Esa cifra agregada a los intereses e indexada a valores actuales es lo que suma la astronómica cifra de 40.000 millones de pesos.

Precisamente esta semana, en la sede de Paloquemao en Bogotá, se realizaría la audiencia para definir la forma de pago de la demanda, pese a que abogados de la ANI trataron por todos los medios legales de obtener una medida cautelar que frenara la expedición del cheque.

El argumento para impedir el pago es simple: en poder de la propia Fiscalía existen, desde hace varios años, audios que comprometen a la jueza Acosta con los demandantes, es decir, los hermanos Grajales, en presuntos hechos de corrupción para favorecerlos en el caso.

Las llamadas que fueron interceptadas por investigadores del CTI confirmarían buena parte de la trama de corrupción en el proceso que denunció el asesinado Grajales Patiño.

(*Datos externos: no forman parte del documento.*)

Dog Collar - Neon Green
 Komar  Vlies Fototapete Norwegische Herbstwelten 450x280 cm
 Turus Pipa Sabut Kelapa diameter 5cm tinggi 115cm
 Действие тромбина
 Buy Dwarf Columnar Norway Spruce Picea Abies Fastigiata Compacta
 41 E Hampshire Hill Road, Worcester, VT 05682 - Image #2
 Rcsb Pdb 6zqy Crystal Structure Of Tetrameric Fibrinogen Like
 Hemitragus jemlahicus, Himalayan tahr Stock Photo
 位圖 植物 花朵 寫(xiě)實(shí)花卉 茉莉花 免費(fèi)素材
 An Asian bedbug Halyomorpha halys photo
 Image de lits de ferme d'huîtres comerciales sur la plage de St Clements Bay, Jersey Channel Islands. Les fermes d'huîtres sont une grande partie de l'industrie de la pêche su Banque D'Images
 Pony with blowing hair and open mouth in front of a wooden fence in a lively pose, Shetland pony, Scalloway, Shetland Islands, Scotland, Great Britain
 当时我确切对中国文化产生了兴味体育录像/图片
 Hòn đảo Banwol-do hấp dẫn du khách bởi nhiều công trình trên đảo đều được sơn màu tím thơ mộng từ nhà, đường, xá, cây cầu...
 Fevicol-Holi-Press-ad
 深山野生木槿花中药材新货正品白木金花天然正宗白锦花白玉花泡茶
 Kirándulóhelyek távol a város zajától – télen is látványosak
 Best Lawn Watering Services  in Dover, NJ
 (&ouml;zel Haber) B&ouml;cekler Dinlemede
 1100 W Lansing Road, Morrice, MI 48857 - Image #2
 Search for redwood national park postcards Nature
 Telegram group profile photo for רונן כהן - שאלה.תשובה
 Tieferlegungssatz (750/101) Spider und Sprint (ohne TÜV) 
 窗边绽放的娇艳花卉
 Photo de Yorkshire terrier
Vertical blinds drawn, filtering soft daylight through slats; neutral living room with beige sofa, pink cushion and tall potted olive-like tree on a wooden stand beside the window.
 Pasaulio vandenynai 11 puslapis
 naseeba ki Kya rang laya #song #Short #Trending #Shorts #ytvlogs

Pero con la reciente captura de la jueza Acosta y la recaptura de uno de los hermanos Grajales, es probable que el anhelado cheque por el Parador de Buga no se firme y se desinfle hasta su valor real.

La otra buena noticia que se podría dar en esta truculenta historia judicial de sangre, dinero y corrupción es que por fin se sepa quiénes ordenaron el asesinato de Jaime Grajales Patiño.